The article claiming Polish responsibility for the deaths of millions of Jews is part of an organized effort to force reparations out of Poland in the form of heirless Jewish property, explains Rafał Ziemkiewicz

editor: REMIX NEWS
author: dorzeczy.pl

In a recent article for The New Yorker magazine, it was claimed that the Polish government is conducting “an effort to exonerate Poland of any role in the deaths of three million Jews in Poland during Nazi occupation.”

Polish writer and conservative commentator Rafał Ziemkiewicz, cited by Dotrzeczy.pl, claimed that the article in the magazine was not an accident and was an element of an undeclared war against Poland. The goal of this war is the fulfillment of property claims concerning heirless Jewish property.

He reminded that The New Yorker prided itself on the supposed best fact-checking system in the world, and it would be naïve to believe that this system had failed in the case of this article.

“They knew very well what they were publishing. Any editor seeing something as horrific as those ‘three million’ would consider and check it. Someone must’ve told him: ‘Listen, don’t verify it. We’ll apologize later, release a statement, but for now we must send out those ‘three million’ into the world’,” Ziemkiewicz explained.

The writer also pointed out that New York is the center of anti-Polish activity on the international arena. He emphasized that property claims put forward by Jewish organizations towards Poland are illegal — in no legal system in the world is there legislation which permits inheritance based on a tribal line.

“To force money out of Poles under the guise of Holocaust reparations in the form of heirless property, which is what is being attempted by the gang of New York extorters called the World Jewish Congress, Poles have to be blamed for the Holocaust,” he stated.

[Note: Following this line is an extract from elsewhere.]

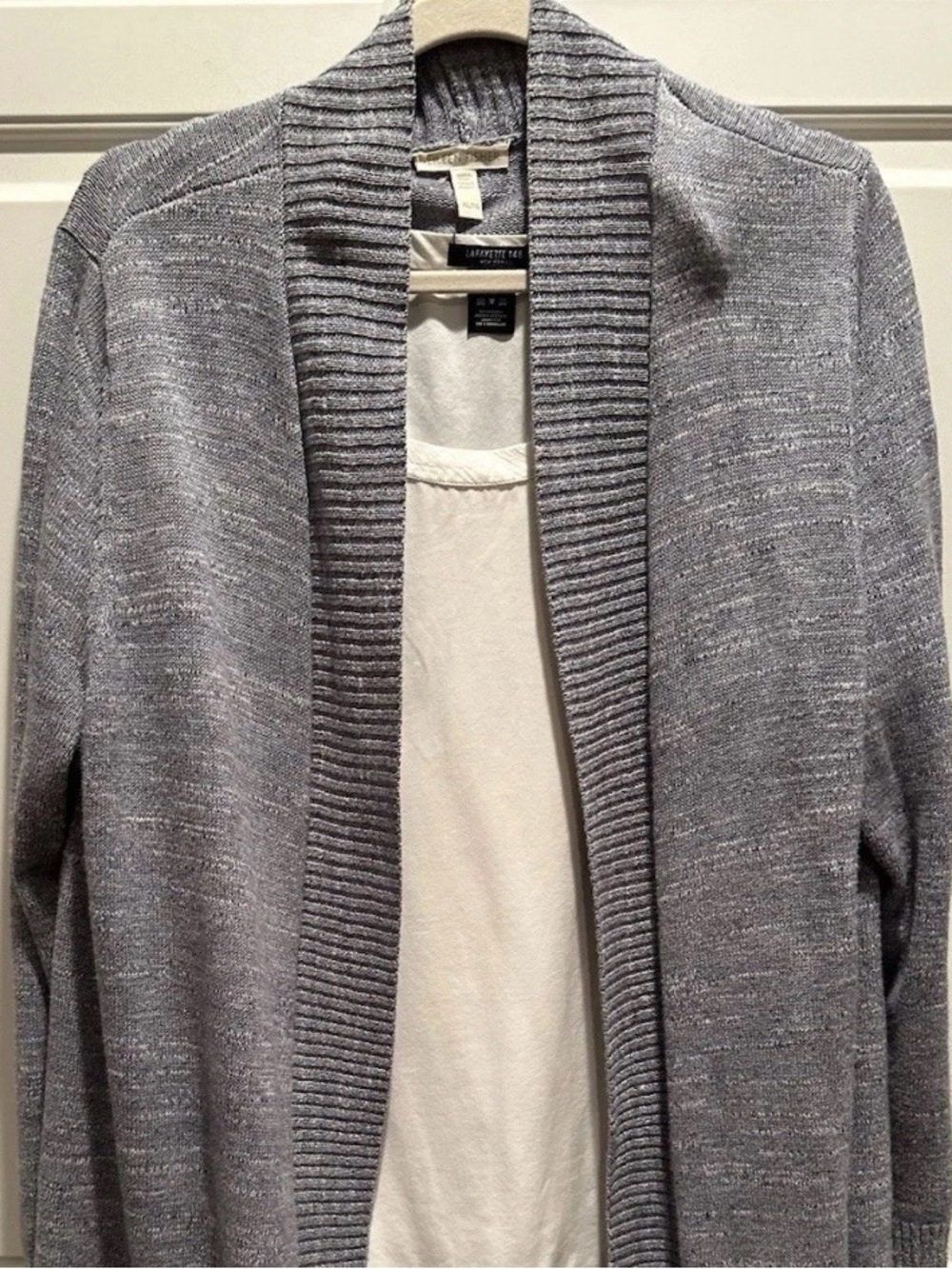 XL Eileen Fisher Heather Gray Open-Front Shawl-Collar Cardigan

Ziemkiewicz added that these demands are being justified based on the rule: “It cannot be allowed for a criminal to inherit after its victim. Poland will have to be put in the position of the criminal to have justification for Act 447.” (Justice for Uncompensated Survivors Today (JUST) is a 2017 Act of US Congress, requiring reporting on acts of certain foreign countries on Holocaust-era assets and related issues.)

On March 24, The New Yorker published an article written by Masha Gessen which defended Polish historians who were sentenced for defaming Edward Malinowski who had protected Jews during the war. Gessen had published several scandalous claims concerning Poles in her text. The fragment which drew the greatest ire of commentators in Poland was the lead of the text saying that the Polish government is conducting an “ongoing effort to exonerate Poland of any role in the deaths of three million Jews in Poland during the Nazi occupation.”

She also accused the Polish government of revisionism and attempts to “bring back an old and comforting story of Poland as a ‘noble victim’.”

The article was met with strong backlash from Polish commentators, Polish diplomacy and also from a number of Jewish organizations, such as the American Jewish Committee.